On 19 July 2011, the Basel Committee on Banking
Supervision ("BCBS") and the Financial Stability Board ("FSB") published two
papers relating to entities regarded as globally systemic important financial
institutions ("G-SIFIs"). The first paper prepared by the BCBS which we
consider in more detail below sets out proposals for an assessment methodology
for determining whether a banking institution should be regarded as a globally systemically
important bank ("G-SIB") and the additional capital requirements that G-SIBs
should be subject to.
The second paper prepared by the FSB, which we will
discuss in a separate alert, sets out proposals for a
framework for the resolution of failing institutions.

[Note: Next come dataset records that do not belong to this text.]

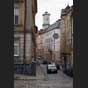 Gasse in der Lwiwer Altstadt. Im Hintergrund sieht man den Turm des Rathauses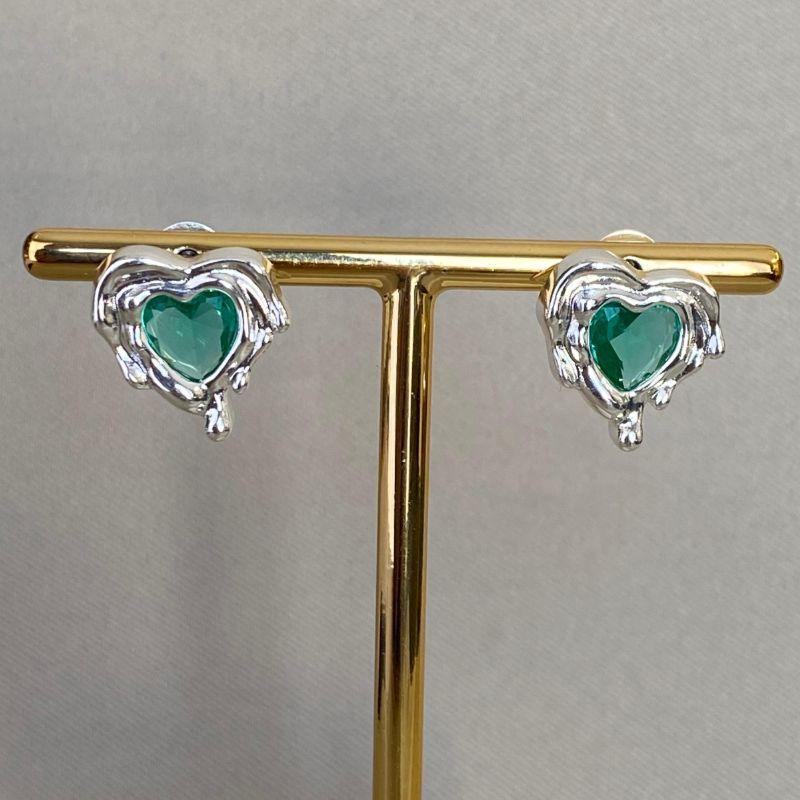 BRINCO CORAÇÃO MINIMALISTA COM PEDRA VERDE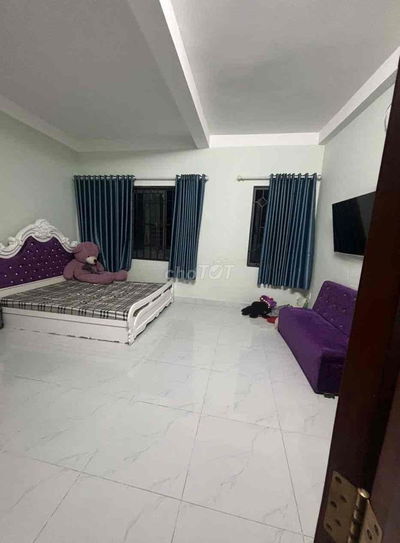 Phòng mới đầy đủ tiện nghi gần chợ siêu thị sân bay
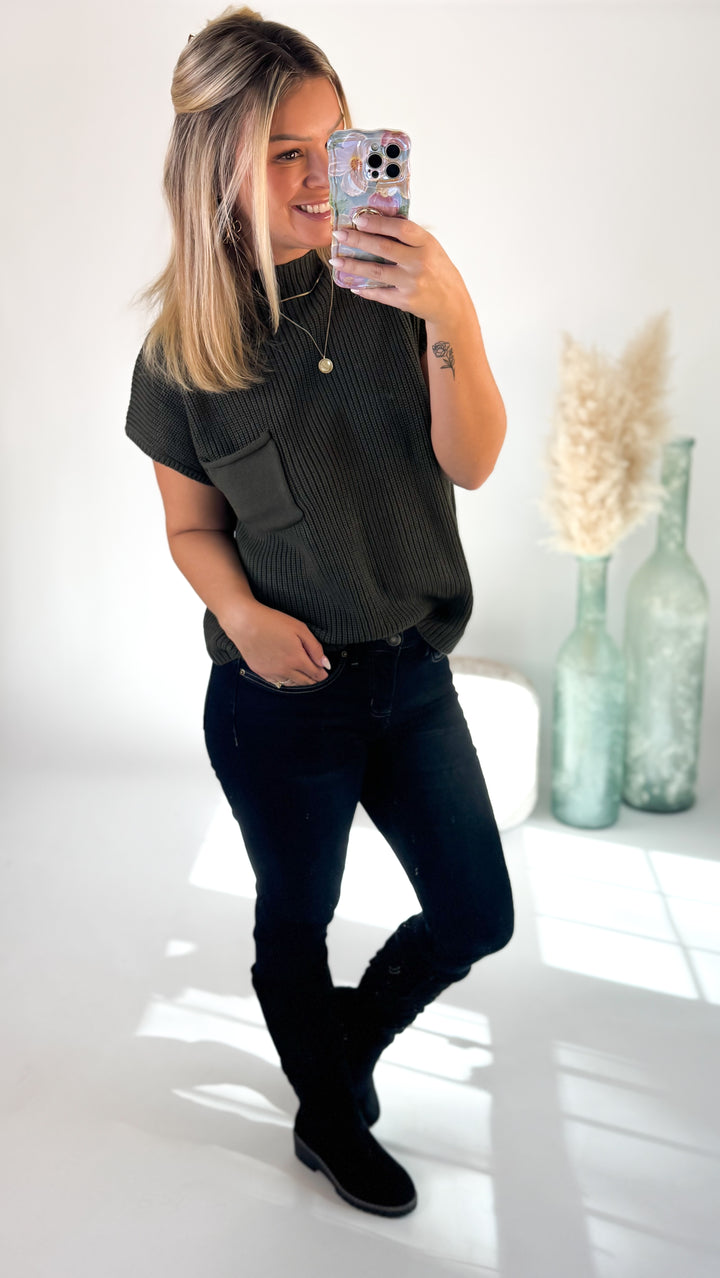 ⭐Door Buster⭐ Mistletoe Mock Neck Sweater Evergreen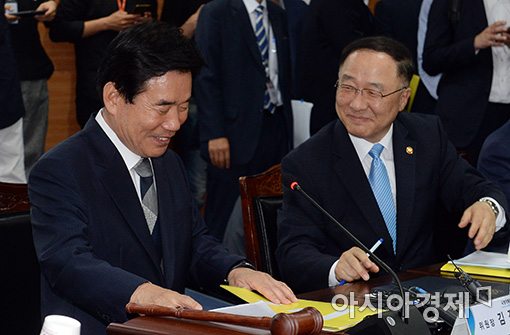 [포토]여유 있는 미소 보이는 김진표 위원장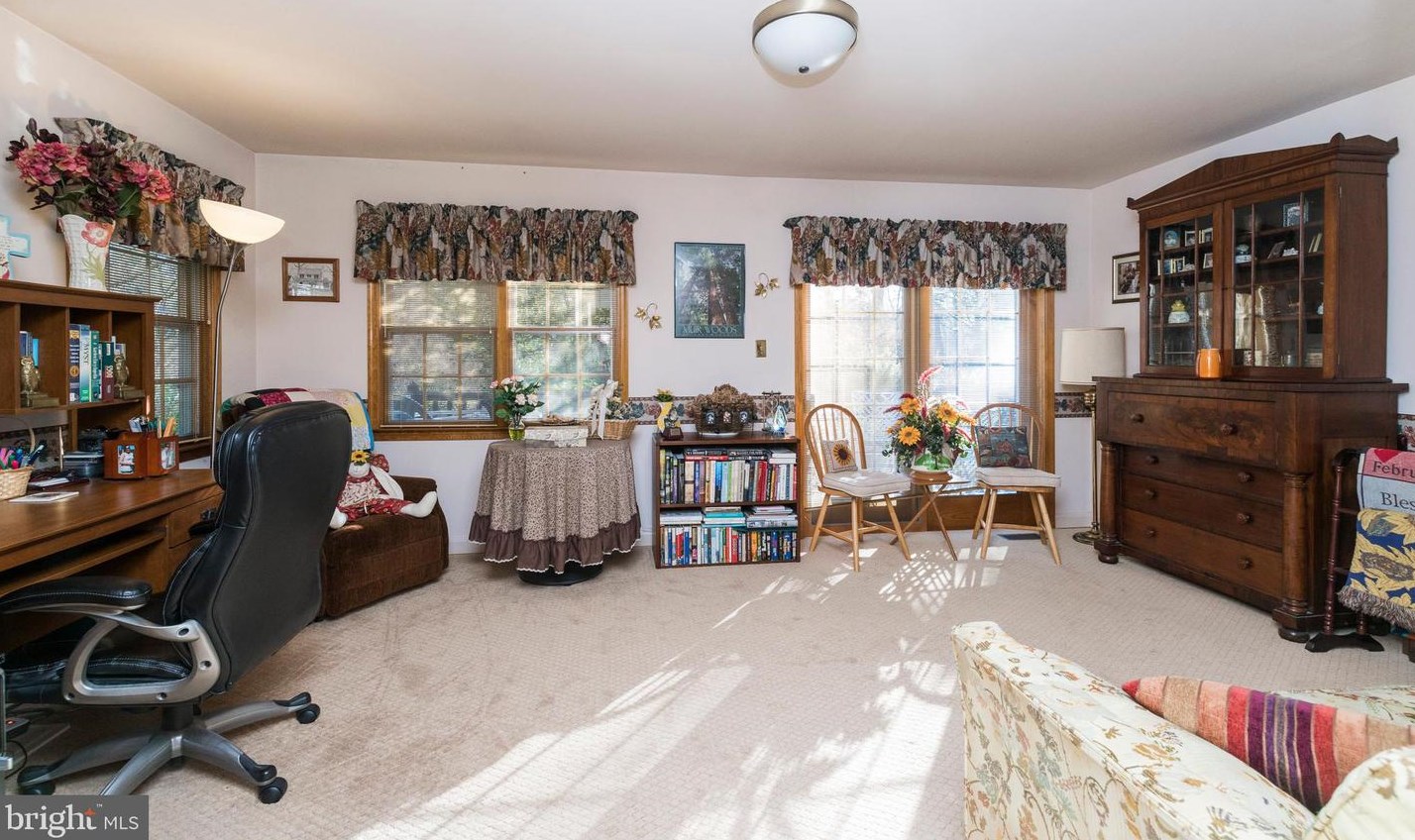 619 Stevenson Ln, Baltimore MD 21286-7606 exterior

In finalising its new Basel III framework at the end of
2010, the BCBS mandated all banks to hold significantly more capital than is
currently the case as well as introducing new leverage and liquidity ratios. The
changes included increasing the minimum amount of common equity (principally ordinary
shares and retained earnings) to be held by banks from 2% to 4.5% of risk
weighted assets during a transitional period between 1 January 2013 and 1
January 2015, with total tier 1 capital rising from 4% of risk weighted assets
to 6% during the same period. Banks will also be required to build up a capital
conservation buffer to be comprised of common equity of up to 2.5% of risk
weighted assets and may also be subject to additional counter cyclical buffers
that can be imposed by local regulators.
The Basel III rules apply to all banks. In addition, the
FSB and the BCBS have been considering additional rules to apply to the largest
global banks to deal with concerns that such banks are regarded as too big to
fail (meaning relevant governments would, as in the financial crisis, be
prepared to use public funds to bail them out rather than face the systemic
consequences of their failure). The FSB has previously outlined the moral
hazard risks it believes arise from such institutions being regarded as too big
to fail4 and mandated the BCBS to develop a methodology to assess the systemic
importance of G-SIBs and additional measures that should be put in place to enhance
their ability to absorb losses. This work was endorsed by the G-20 group of
nations at their meeting in Seoul in November 2010. The BCBS paper referred to
above sets out its proposals in this regard and, following the end of the
consultation process, the BCBS is expected to present its final proposals to
the next G-20 meeting in Cannes in November 2011.